■ Work to complete
Transcribe, word for word and without additions, each line below from the one containing "Hitachi 3TB HDD" through the one containing "زينة معلقة على", both ends included.

■ Input records
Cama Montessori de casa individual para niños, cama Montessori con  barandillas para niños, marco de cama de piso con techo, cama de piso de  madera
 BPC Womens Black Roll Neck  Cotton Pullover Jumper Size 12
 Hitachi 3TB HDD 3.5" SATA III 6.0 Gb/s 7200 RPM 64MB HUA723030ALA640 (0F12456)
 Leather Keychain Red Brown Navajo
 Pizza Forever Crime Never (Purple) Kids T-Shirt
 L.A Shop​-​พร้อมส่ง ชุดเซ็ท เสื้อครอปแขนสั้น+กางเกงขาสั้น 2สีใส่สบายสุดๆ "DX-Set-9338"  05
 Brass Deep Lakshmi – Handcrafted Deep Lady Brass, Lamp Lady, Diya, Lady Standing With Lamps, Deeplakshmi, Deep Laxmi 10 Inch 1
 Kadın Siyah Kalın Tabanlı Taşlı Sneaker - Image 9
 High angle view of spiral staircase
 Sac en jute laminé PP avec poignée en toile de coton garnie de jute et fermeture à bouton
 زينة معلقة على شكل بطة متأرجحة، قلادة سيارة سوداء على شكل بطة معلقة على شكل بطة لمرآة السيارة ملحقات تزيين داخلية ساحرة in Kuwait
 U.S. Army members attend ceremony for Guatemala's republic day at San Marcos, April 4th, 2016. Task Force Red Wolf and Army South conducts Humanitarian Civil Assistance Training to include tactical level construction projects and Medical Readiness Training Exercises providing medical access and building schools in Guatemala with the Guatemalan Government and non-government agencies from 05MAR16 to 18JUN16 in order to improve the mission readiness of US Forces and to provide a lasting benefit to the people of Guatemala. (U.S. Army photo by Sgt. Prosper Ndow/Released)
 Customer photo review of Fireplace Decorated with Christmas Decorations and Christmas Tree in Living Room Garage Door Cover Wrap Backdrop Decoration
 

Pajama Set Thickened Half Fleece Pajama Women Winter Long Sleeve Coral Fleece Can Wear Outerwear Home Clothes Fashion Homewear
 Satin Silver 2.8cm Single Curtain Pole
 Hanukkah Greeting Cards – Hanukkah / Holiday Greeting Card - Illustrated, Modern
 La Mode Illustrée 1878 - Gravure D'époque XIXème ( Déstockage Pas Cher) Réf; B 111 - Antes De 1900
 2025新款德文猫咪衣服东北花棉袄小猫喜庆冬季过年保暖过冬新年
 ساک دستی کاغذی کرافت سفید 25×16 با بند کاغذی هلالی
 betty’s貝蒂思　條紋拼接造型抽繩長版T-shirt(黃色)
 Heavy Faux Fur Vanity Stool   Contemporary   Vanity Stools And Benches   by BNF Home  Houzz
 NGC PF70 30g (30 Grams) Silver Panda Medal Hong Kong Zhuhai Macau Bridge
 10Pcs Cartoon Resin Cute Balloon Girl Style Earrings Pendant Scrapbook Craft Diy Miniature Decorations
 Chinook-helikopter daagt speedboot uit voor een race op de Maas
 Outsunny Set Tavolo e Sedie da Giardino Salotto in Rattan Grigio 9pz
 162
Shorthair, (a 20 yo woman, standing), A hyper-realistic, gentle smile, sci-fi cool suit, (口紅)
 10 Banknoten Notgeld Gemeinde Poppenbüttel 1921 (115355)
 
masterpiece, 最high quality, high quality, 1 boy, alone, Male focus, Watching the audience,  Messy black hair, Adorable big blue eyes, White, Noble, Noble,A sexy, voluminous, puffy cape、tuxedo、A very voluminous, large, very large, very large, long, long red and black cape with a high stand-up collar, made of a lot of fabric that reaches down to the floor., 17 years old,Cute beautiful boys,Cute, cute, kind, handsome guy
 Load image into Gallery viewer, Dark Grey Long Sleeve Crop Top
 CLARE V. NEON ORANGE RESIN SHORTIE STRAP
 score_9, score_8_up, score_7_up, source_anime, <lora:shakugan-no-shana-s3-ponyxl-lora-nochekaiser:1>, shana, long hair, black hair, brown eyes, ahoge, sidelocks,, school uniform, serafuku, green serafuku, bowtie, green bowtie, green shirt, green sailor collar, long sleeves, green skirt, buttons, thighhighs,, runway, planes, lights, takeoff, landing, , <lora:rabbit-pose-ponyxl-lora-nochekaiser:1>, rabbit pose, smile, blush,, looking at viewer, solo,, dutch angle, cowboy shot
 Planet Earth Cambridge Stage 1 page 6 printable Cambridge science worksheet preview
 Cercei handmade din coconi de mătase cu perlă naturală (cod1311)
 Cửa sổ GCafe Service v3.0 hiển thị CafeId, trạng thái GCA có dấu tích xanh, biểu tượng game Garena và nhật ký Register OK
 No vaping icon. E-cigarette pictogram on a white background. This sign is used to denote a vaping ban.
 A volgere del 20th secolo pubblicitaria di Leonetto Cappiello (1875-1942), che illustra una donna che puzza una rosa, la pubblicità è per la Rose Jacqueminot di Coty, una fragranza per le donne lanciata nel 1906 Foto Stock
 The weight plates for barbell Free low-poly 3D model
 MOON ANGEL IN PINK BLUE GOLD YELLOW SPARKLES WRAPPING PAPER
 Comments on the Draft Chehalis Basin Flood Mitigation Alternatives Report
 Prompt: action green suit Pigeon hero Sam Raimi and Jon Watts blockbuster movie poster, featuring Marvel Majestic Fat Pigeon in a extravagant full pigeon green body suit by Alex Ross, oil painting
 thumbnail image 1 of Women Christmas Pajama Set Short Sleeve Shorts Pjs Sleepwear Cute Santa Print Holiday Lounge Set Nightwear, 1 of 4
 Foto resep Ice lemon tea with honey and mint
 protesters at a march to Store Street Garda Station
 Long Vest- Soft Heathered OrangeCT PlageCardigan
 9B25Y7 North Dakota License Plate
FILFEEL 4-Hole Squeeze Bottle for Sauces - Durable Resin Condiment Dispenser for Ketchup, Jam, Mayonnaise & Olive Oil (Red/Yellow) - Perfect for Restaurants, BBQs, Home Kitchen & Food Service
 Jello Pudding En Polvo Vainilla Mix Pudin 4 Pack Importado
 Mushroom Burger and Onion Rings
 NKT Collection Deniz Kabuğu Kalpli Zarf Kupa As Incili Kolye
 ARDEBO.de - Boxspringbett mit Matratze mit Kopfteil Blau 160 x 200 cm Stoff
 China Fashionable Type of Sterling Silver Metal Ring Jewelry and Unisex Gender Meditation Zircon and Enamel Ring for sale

■ Your solution
 Hitachi 3TB HDD 3.5" SATA III 6.0 Gb/s 7200 RPM 64MB HUA723030ALA640 (0F12456)
 Leather Keychain Red Brown Navajo
 Pizza Forever Crime Never (Purple) Kids T-Shirt
 L.A Shop​-​พร้อมส่ง ชุดเซ็ท เสื้อครอปแขนสั้น+กางเกงขาสั้น 2สีใส่สบายสุดๆ "DX-Set-9338"  05
 Brass Deep Lakshmi – Handcrafted Deep Lady Brass, Lamp Lady, Diya, Lady Standing With Lamps, Deeplakshmi, Deep Laxmi 10 Inch 1
 Kadın Siyah Kalın Tabanlı Taşlı Sneaker - Image 9
 High angle view of spiral staircase
 Sac en jute laminé PP avec poignée en toile de coton garnie de jute et fermeture à bouton
 زينة معلقة على شكل بطة متأرجحة، قلادة سيارة سوداء على شكل بطة معلقة على شكل بطة لمرآة السيارة ملحقات تزيين داخلية ساحرة in Kuwait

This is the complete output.